F1全体の発信力向上もビジネスに好影響与える

 F1、特にアメリカでの前例のないF1ブームの火付け役としてDrive to Surviveを挙げる人は多い。しかしウェッブは、F1オーナーのリバティメディアによるもうひとつのビジネス戦術が大きな違いをもたらしたと考えている。

 それは、ドライバーとチームがソーシャルメディア上で動画コンテンツを展開できるようになったことだ。

「10年前、主要ソーシャルメディアで大きなコミュニティを抱えるドライバーはいなかった。しかし今は全てのドライバーが少なくとも30万人、場合によってはそれ以上の人々と交流を持っている。ルイス・ハミルトンのフォロワーは4,600万人でメルセデスよりも多く、マックス(フェルスタッペン)は1,600万人だ。ドライバーが自分たちのコンテンツでコミュニティを介して交流ができるようになったのは大きな違いだ」とウェッブは言う。

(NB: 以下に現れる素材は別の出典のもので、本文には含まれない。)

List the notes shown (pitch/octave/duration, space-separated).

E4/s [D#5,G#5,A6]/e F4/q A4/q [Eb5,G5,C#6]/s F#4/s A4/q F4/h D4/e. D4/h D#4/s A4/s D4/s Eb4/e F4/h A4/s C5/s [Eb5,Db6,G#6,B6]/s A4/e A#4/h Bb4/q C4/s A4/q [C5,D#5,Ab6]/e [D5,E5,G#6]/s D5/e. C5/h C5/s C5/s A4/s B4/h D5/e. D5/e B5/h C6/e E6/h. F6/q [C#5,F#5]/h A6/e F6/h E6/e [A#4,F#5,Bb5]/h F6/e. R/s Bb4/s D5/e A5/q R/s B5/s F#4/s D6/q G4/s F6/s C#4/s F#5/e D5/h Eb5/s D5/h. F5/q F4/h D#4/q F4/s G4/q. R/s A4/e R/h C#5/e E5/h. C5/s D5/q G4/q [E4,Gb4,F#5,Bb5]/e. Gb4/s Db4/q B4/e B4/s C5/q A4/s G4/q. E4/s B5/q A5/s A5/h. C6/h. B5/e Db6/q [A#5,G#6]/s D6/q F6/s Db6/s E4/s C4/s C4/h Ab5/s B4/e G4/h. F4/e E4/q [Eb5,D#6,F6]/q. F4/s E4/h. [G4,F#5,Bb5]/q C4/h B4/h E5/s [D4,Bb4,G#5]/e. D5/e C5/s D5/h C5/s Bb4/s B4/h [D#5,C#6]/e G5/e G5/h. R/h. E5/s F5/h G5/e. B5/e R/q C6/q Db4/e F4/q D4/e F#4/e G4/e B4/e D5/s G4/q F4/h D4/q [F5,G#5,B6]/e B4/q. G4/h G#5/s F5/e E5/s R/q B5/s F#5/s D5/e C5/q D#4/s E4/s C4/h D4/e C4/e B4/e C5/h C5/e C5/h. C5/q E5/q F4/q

 ソーシャルメディア上での活性化により、F1は12歳から18歳といった、以前はリーチが難しかった層を大幅に取り組むことができるようになった。それだけではなく、女性のF1ファンが視聴者全体の40%を占め、F1の新規ファンでは男性のF1ファンと肩を並べる勢いだ。これにより、より多くの消費者ブランドやライフスタイル・ブランドがF1に参入するチャンスが広がっている。

 ほとんどのブランドは、F1やチームのスポンサー権を購入する際、ブランドの認知度を高めたり、主要市場でのシェアを拡大したりと、明確な目的を持っている。ほとんどのブランドはその目的を達成し、チームのパートナーに留まるが、中にはそうでないブランドもいる。

 ウェッブは、F1の状況を把握してスポンサーシップをどのように活性化させれば目的とROI(投資収益率)を最大化できるかアドバイスすることで、代理店として違いを生むことができると語っている。F1スポンサーシップにおいては、データベースのパフォーマンス・マーケティングツールが使用されることが多くなってきている。それによってチームは彼らのファン・データベースとスポンサーのデータベースを結びつけ、新規顧客を特定し、新規ビジネス売上の分配を受けることで、スポンサーから受け取る金額を大幅に増やすことができるのだ。

「スポンサー権を購入するだけの話ではない」とウェッブは言う。